ENTRIES SUPPLIED: Begin

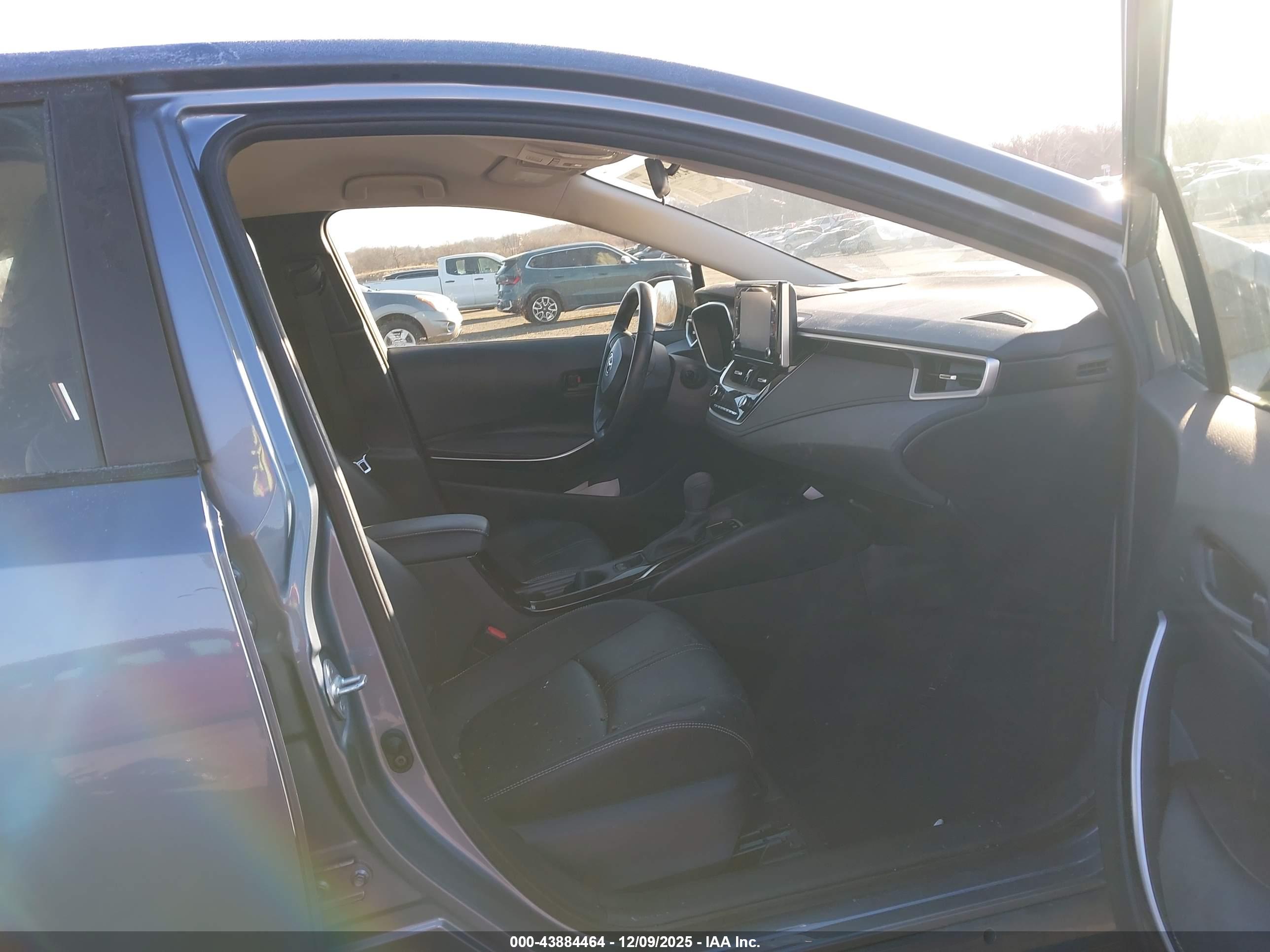 TOYOTA COROLLA image 5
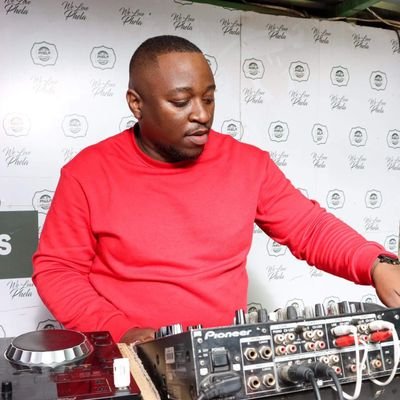 Disc Jockey | Podcaster
BOOKINGS
📧: teezshlaps30@gmail.com
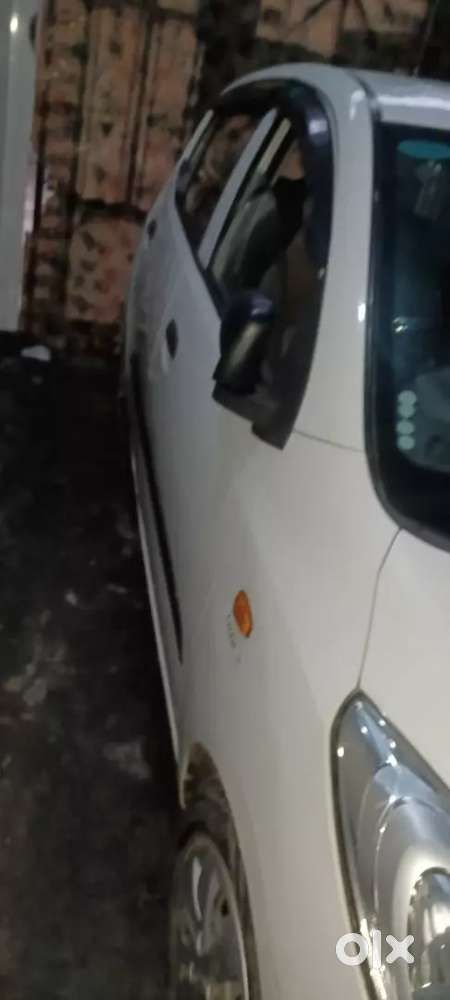 Hyundai I10 Megna Cng 2015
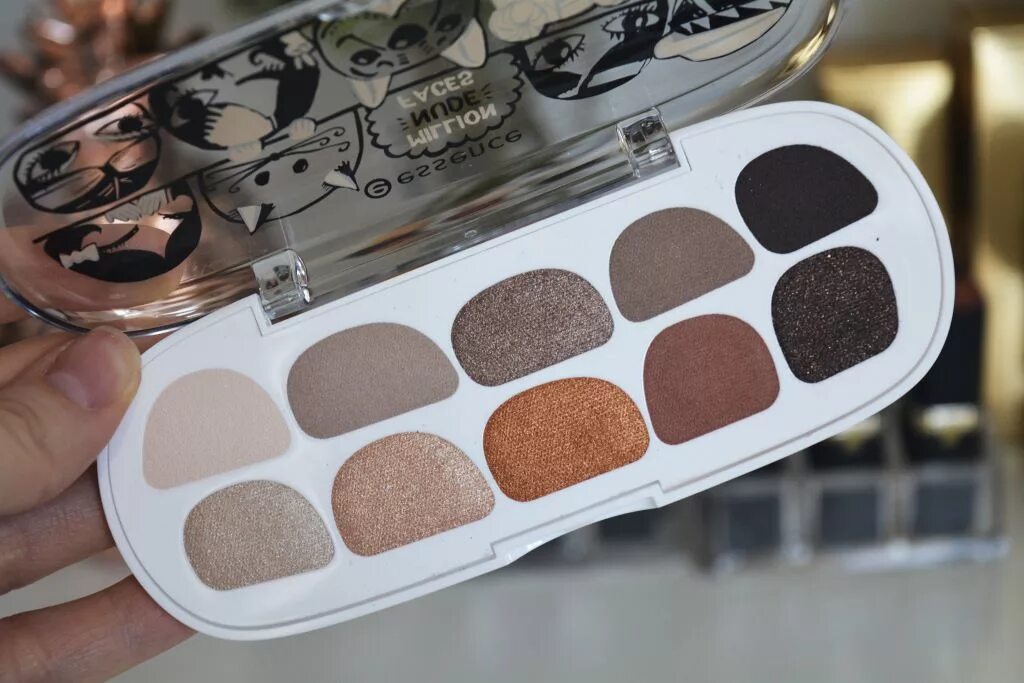 Essence палетка теней. Палетка эссенс. палетка теней эссенс. палетка essence salut paris. essence eyeshadow palette.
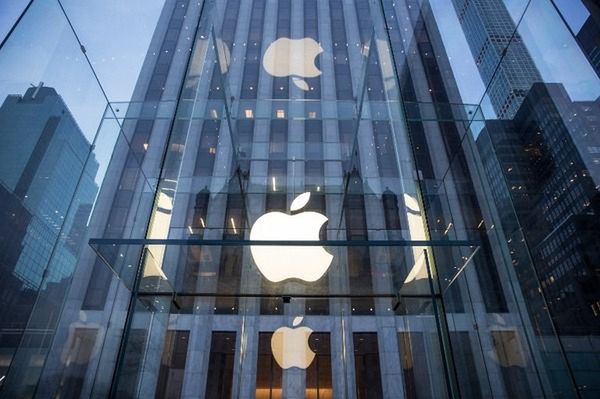 Zaostrza się spór Apple i FBI ws. odblokowania iPhone'a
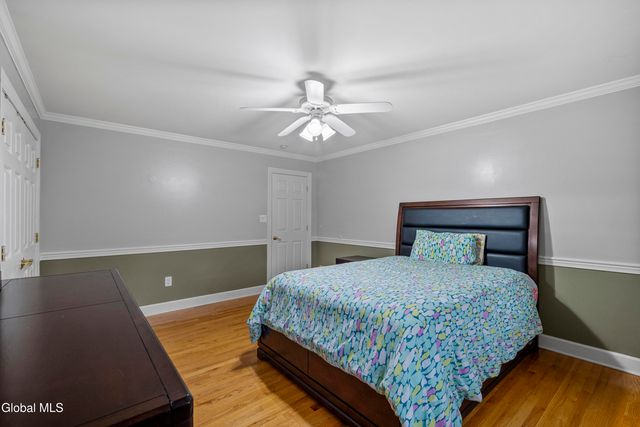 2027 Dobie Lane, Guilderland, NY 12303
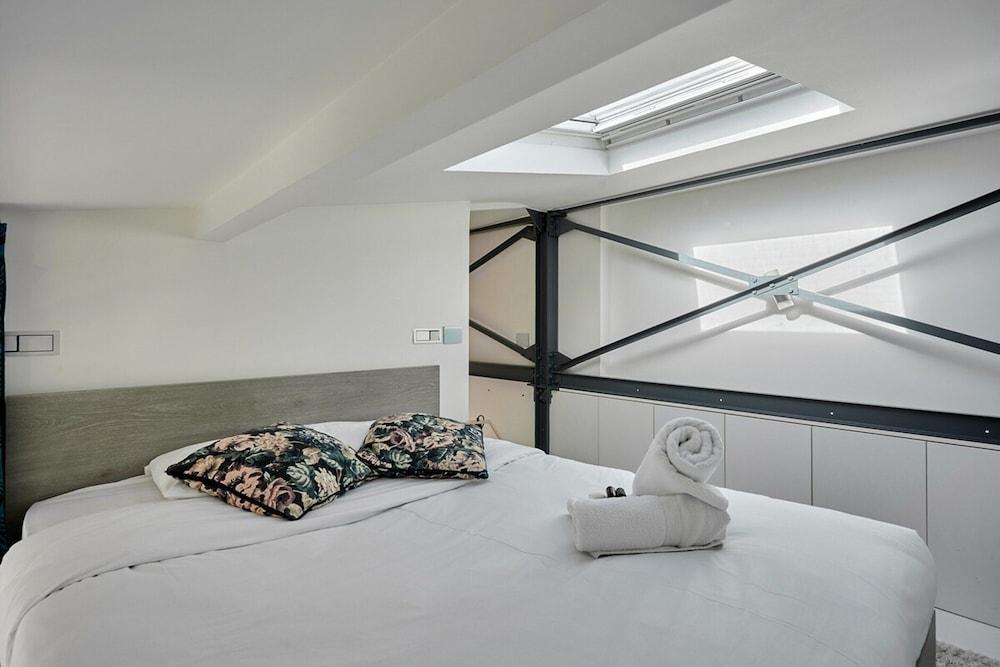 Charming Duplex Center of Paris-montorgueil - Tap to explore photos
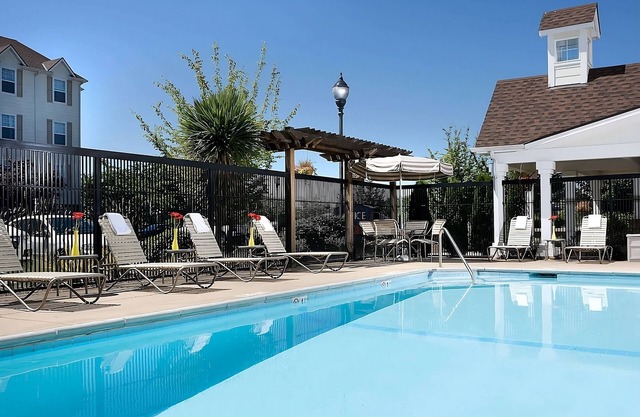 Comfort & Convenience! Free Shuttle, Full Kitchen, Seasonal Outdoor Pool!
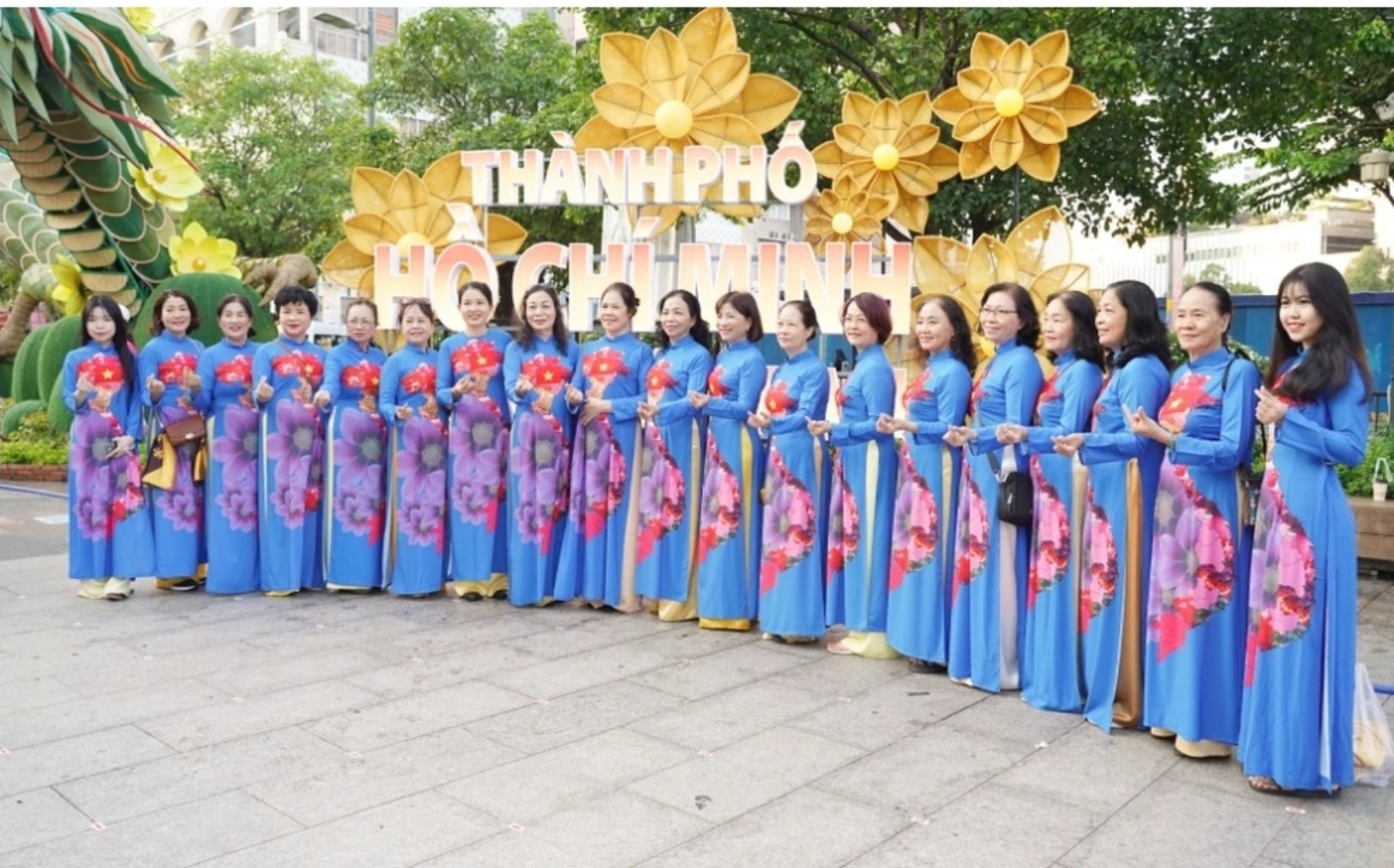 Hơn 5.000 người tham gia đồng diễn truyền cảm hứng th&ocirc;ng điệp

ENTRIES SUPPLIED: End

> PROBLEM REQUIREMENTS: Nothing but the lines from the line containing "Hyundai I10 Megna Cng 2015" through the end of the data, both ends included, is to be reproduced, exactly as written and without the pictures.

> OUTPUT FOR THIS TASK:
 Hyundai I10 Megna Cng 2015
 Essence палетка теней. Палетка эссенс. палетка теней эссенс. палетка essence salut paris. essence eyeshadow palette.
 Zaostrza się spór Apple i FBI ws. odblokowania iPhone'a
 2027 Dobie Lane, Guilderland, NY 12303
 Charming Duplex Center of Paris-montorgueil - Tap to explore photos
 Comfort & Convenience! Free Shuttle, Full Kitchen, Seasonal Outdoor Pool!
 Hơn 5.000 người tham gia đồng diễn truyền cảm hứng th&ocirc;ng điệp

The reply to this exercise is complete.